1. Implied Volatility

Option premium has always been an insightful data point for judging the riskiness of the market. Implied Volatility is just a standard measure to compare one option with the other. The figure of implied volatility also indicates the riskiness in the market, with a higher number indicating more risk and vice-versa. Backed by my multiple studies, we can safely say that Implied Volatility of options has a mean reverting characteristic.

If the Nifty is the index one looks at for the performance of the entire market, Implied Volatility of the Nifty options could very well give an approximation of the risk assumption of the market.

Typically, in a rising market, one would expect the Implied Volatility to fall. However, once it starts making multi-month, multi-year lows, one may expect a respite if not a reversal, which can eventually be coincided with a pullback in the rising market.

Similarly, a falling market would have a rising Implied Volatility. However, even here a multi-month, multi-year high could mean that it may turn around and we may see it coinciding with a halt in the fall or a respite in the market.

2. OIPCR

Open Interest Put Call Ratio (OIPCR) is an indicator that gives the number of Put positions compared to Call positions. Considering the fact that option sellers have negative risk-reward, it is safe to assume that whichever kind of option is sold the most, a view depicted by that position could be seen as the consensus view. To judge the overall market activity, the Nifty OIPCR is best to analyse the market mood.

So, if there are more Puts than Calls, we could safely say that more risk- bearing positions are placed in favor of the market either rising or staying still. Similarly, if there are more Calls than Puts, then we can safely say that the risk capital is more invested in betting in favour of the market either falling or staying still.

In a rising market, we will have a rising OIPCR, with the reading in excess of 1 (more Puts than Calls). Similarly, in a falling market, we would have falling OIPCR (more Calls than Puts).
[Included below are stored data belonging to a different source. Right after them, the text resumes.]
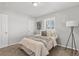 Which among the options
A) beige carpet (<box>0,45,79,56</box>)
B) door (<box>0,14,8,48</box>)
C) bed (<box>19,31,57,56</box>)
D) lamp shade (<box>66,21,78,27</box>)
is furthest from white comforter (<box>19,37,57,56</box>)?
lamp shade (<box>66,21,78,27</box>)

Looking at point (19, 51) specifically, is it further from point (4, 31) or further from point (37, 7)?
point (37, 7)

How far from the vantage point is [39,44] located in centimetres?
144

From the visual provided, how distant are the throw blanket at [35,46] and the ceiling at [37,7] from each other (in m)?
0.49

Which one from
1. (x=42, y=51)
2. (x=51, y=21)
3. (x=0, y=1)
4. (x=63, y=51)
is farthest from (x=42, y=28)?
(x=0, y=1)

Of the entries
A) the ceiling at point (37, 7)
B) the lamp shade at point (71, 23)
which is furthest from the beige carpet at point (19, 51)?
the ceiling at point (37, 7)

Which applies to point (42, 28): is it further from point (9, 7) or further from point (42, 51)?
point (9, 7)

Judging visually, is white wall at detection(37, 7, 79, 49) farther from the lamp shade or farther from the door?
the door

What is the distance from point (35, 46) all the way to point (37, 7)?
690 millimetres

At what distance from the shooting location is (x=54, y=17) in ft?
4.92

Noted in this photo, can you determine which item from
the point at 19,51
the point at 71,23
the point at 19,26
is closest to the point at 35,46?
the point at 19,51

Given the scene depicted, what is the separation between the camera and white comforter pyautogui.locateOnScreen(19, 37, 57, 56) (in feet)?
4.68

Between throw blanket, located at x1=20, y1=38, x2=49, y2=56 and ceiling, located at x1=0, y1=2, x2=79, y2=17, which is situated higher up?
ceiling, located at x1=0, y1=2, x2=79, y2=17

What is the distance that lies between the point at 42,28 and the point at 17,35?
1.57 feet

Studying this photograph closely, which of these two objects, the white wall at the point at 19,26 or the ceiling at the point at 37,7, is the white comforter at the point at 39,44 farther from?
the ceiling at the point at 37,7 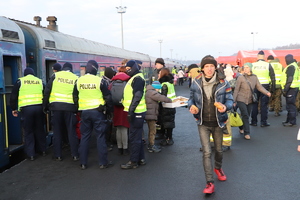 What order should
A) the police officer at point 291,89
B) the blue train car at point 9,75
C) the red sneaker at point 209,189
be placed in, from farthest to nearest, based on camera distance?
the police officer at point 291,89 < the blue train car at point 9,75 < the red sneaker at point 209,189

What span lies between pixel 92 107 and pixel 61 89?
88 centimetres

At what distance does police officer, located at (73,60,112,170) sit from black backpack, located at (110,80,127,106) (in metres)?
0.68

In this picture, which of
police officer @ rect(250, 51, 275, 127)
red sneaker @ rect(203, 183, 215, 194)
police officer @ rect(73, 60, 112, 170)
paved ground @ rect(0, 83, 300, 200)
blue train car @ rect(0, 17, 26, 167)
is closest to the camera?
red sneaker @ rect(203, 183, 215, 194)

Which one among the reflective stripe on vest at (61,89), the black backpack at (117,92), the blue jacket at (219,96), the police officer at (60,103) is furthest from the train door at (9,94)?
the blue jacket at (219,96)

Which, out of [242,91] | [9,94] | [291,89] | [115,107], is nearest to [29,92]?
[9,94]

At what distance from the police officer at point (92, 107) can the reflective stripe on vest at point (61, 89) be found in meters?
0.35

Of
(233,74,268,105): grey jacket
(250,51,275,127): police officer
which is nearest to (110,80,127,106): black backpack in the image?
(233,74,268,105): grey jacket

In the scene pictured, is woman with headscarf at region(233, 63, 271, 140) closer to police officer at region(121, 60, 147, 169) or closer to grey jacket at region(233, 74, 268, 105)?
grey jacket at region(233, 74, 268, 105)

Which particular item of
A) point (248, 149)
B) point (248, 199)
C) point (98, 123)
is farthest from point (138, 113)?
point (248, 149)

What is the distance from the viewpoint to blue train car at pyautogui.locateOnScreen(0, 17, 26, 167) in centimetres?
536

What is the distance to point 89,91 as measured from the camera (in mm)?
5164

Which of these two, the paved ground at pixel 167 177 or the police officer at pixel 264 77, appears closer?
the paved ground at pixel 167 177

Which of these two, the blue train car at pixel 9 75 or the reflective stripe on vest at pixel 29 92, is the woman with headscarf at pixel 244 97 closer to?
the reflective stripe on vest at pixel 29 92

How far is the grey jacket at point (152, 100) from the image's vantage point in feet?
20.2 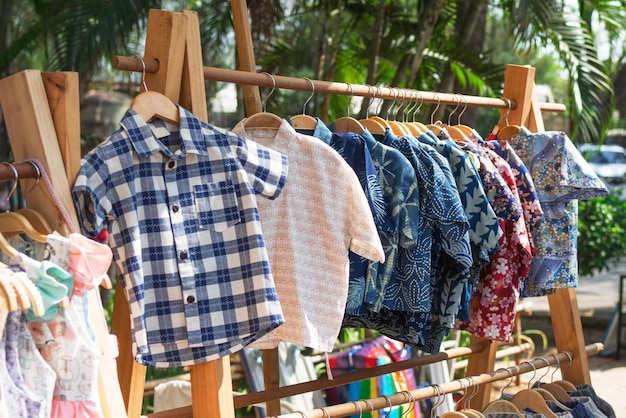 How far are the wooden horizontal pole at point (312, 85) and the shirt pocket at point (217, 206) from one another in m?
0.35

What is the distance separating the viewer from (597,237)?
6.31 metres

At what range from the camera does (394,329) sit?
256 centimetres

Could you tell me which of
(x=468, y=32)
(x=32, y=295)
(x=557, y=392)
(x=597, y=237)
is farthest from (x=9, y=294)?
(x=597, y=237)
Now, just like Implied Volatility, OIPCR also shows mean-reverting characteristics. Hence, a multi-month, multi-year low on OIPCR in a falling market could indicate a lower extreme and similarly, multi-period high OIPCR could indicate a higher extreme for the market.

3. Market OI

This is a rather simple indicator that many of us must have observed in our trading life. Market OI is total Open Interest in value terms of all the futures and options. It is not very conclusive yet definitely an alarming indicator. Market OI making annual highs after a huge run in a single direction—either up or down—would be indicating alarming signals that a lot of money has been chasing a single direction.

Such situations make the entire participation vulnerable to any pullback or respite. So much so that it can trigger a deep correction or a sharp respite, depending upon the previous trend. The reason behind this is the sheer consensus unwinding drive, which usually is sharper than the consensus built-up drive.

4. Over Participation (Ban)

There are set rules defining the maximum positions that can be built in a particular underlying in F&O. Any excess participation inching towards 100 percent of such limit triggers a restriction for any fresh positions.

The number of securities in Ban does give an over-confident vibe. This is a bit pedestrian but comes in handy a lot of times. A very high number of stocks in the Ban List after a big move in a single direction could indicate extremist behaviour.

A single indicator if followed may not be enough to trigger unnecessary caution but if at least three of the four are pointing towards extremist mood, one may just be better off reassessing the trading plan or even indulging in a few cheap hedges.

Disclaimer: The views and investment tips expressed by investment experts on Moneycontrol.com are their own and not those of the website or its management. Moneycontrol.com advises users to check with certified experts before taking any investment decisions.